Culture Spotlight Featuring Juanita Ingram, Esq.
Juanita Ingram is an American licensed attorney, author, actress, producer, filmmaker, Founder/CEO of Purpose Productions Inc., an award-winning 501(c)3 production company.
Having produced previous award-winning short films, talk shows, and travel series; her most recent self-funded work is Season 2 of the award-winning and Emmy ® ballot eligible episodic program - The Expats International Ingrams - a docuseries that chronicles the international struggles and triumphs of a black Americans living abroad (www.expatsshow.com).
Utilizing an "edutainment" approach, the docuseries ushers in a new genre of "smart-reality TV", offering a positive, family-friendly, and immensely entertaining depiction of black expats, directly combating the distorted representation of the lives and reality of black people and black families.
"Being African-American and choosing to live abroad is always steeped in change and navigating through the unexpected, but today the racial and viral pandemics have placed the topic of living as an expat front and center; this series tackles tough and relatable issues in an educational yet entertaining way all while owning our narrative and breaking stereotypes while increasing a more inclusive representation of expats of color," says the show's Executive Producer and Creator, Juanita Ingram, Esq.
Tell us about your experience at the Hip Hop Film Festival. Attending the Hip Hop Film Festival for the second year was an incredible experience that surpassed our expectations. The festival provides an enriching environment where filmmakers and artists can exchange ideas, while celebrating the culture and influences of hip-hop. This festival always offers fresh perspectives and industry insights that you simply cannot get elsewhere. We are deeply honored to have received the award for Best TV Ready Series this year. This recognition not only validates the hard work of our entire team but also strengthens our commitment to storytelling that resonates with our audience. We're excited about the opportunities this accolade opens up for us, and we're looking forward to returning to the festival in future years. Thank you to everyone involved in making the Hip Hop Film Festival a remarkable event.
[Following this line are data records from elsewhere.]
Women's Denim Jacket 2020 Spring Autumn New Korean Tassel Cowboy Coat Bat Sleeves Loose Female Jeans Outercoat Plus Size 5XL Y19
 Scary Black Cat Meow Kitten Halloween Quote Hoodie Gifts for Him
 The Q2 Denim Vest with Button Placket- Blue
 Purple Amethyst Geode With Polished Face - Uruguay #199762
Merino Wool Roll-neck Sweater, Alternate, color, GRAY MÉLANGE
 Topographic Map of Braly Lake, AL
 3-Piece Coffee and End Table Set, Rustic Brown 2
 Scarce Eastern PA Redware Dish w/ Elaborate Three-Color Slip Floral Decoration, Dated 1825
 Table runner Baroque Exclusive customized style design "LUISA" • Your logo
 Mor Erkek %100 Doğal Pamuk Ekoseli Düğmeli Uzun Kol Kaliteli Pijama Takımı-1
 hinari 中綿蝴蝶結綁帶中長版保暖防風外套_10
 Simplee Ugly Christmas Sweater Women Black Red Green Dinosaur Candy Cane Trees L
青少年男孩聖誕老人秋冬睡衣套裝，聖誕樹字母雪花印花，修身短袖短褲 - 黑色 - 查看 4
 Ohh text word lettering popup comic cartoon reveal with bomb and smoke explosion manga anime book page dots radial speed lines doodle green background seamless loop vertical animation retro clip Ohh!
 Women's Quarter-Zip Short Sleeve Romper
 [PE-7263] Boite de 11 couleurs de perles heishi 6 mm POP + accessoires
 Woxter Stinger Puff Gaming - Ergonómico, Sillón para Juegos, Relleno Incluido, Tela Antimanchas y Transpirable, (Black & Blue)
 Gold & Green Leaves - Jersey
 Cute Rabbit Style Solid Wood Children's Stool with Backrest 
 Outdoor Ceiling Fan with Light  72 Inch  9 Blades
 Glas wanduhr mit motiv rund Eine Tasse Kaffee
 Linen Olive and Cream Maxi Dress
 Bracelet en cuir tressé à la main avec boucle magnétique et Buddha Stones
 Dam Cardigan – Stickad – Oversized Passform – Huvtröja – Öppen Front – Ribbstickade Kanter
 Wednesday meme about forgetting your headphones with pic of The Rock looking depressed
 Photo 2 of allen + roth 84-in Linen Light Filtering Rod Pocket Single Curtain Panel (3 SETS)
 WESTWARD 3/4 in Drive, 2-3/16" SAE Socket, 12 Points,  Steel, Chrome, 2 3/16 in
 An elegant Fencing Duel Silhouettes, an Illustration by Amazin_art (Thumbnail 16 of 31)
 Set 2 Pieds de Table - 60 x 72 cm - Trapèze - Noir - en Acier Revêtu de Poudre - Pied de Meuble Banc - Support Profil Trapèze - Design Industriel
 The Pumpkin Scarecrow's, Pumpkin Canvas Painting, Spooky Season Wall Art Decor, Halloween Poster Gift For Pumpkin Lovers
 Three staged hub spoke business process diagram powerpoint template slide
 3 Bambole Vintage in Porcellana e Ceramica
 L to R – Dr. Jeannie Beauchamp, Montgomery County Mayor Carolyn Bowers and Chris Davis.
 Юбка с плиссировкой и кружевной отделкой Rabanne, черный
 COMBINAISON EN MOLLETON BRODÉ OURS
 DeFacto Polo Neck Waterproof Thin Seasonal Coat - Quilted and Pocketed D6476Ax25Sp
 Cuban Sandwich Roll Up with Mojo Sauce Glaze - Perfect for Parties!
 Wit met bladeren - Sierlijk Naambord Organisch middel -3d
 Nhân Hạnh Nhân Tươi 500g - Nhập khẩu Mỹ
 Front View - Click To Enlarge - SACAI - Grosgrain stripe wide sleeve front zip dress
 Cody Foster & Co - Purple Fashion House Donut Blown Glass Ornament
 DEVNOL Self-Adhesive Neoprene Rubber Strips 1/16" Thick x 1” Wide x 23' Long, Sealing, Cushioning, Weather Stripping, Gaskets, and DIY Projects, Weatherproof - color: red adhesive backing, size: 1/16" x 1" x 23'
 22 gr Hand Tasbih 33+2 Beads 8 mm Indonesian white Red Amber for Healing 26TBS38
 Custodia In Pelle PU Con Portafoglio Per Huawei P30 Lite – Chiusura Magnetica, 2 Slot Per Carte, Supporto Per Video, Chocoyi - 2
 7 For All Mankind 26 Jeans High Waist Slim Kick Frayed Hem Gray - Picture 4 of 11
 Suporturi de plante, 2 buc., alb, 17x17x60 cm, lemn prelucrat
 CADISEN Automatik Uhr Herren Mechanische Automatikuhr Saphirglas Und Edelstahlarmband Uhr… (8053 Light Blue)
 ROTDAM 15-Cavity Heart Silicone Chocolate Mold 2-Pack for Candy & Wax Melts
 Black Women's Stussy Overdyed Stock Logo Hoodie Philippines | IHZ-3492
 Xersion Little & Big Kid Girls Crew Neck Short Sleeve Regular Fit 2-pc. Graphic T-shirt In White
Why are “stories from the culture” worthy of a platform? “Stories from the culture” are not just worthy of a platform; they are essential. These narratives offer a nuanced lens through which to view the complexities of our experiences, joys, challenges, and triumphs. Far too often, mainstream media provides a monolithic perspective that fails to capture the richness and diversity of our communities. The Hip Hop Film Festival’s focus on honoring and highlighting the festival filmmakers, directors, and writers is a significant step toward redressing this imbalance. By spotlighting these talents, the festival helps to broaden the cultural conversation. It provides an authentic representation of life that extends beyond stereotypes and tropes, thereby enriching the larger diverse narrative. This inclusivity not only benefits Black creatives by giving them the recognition and opportunities they deserve, but it also educates audiences, irrespective of their background. When we honor these voices, we pave the way for a more understanding and empathetic society. That’s why it’s not just worthy to give these stories a platform, it’s absolutely necessary.
Why do you think the Harlem Film House and Hip Hop Film Festival are important? The Harlem Film House and Hip Hop Film Festival serve as critical platforms for Black creatives, like myself, in multiple ways. First and foremost, they offer a safe space where we can unapologetically tell our stories without the fear of misrepresentation or tokenization. These platforms celebrate the unique storytelling techniques and perspectives inherent to our culture, giving them the honor and attention they deserve. Moreover, the festivals facilitate an invaluable networking opportunity, allowing us to connect with like-minded individuals within the industry. These interactions are often the building blocks for future collaborations, partnerships, and mentorships, creating a thriving ecosystem for Black creatives to excel and find support. The importance of the Harlem Film House and Hip Hop Film Festival cannot be overstated. They not only contribute to the diversification of the film and entertainment industry but also empower Black artists to influence the narrative surrounding our culture, history, and future.
What projects are you working on now? Currently, I am deeply immersed in a compelling unscripted project titled "Beyond Beauty," a docuseries that delves into my transformative year as the first Black woman to win the title of Mrs. Universe and explores the lesser-known world of the "Mrs" genre of pageantry. As a storyteller, I've always sought to spotlight narratives that have been overlooked or misunderstood, and "Beyond Beauty" is a testament to that commitment.
This project has been a decade in the making, and I am thrilled to finally offer audiences an insider's view into a sphere that has seldom been depicted. What makes "Beyond Beauty" particularly unique is its multi-dimensional approach. Alongside the glitz and glamour, the docuseries addresses critical issues such as colorism, xenophobia, validation-seeking, sizism, and more. It narrates my journey through these complex landscapes, highlighting both the obstacles I've overcome and the resilience I've gained. At its core, "Beyond Beauty" is a story of finding purpose against all odds, and I am eager to share it with audiences eager to understand the depth and nuances of this fascinating world.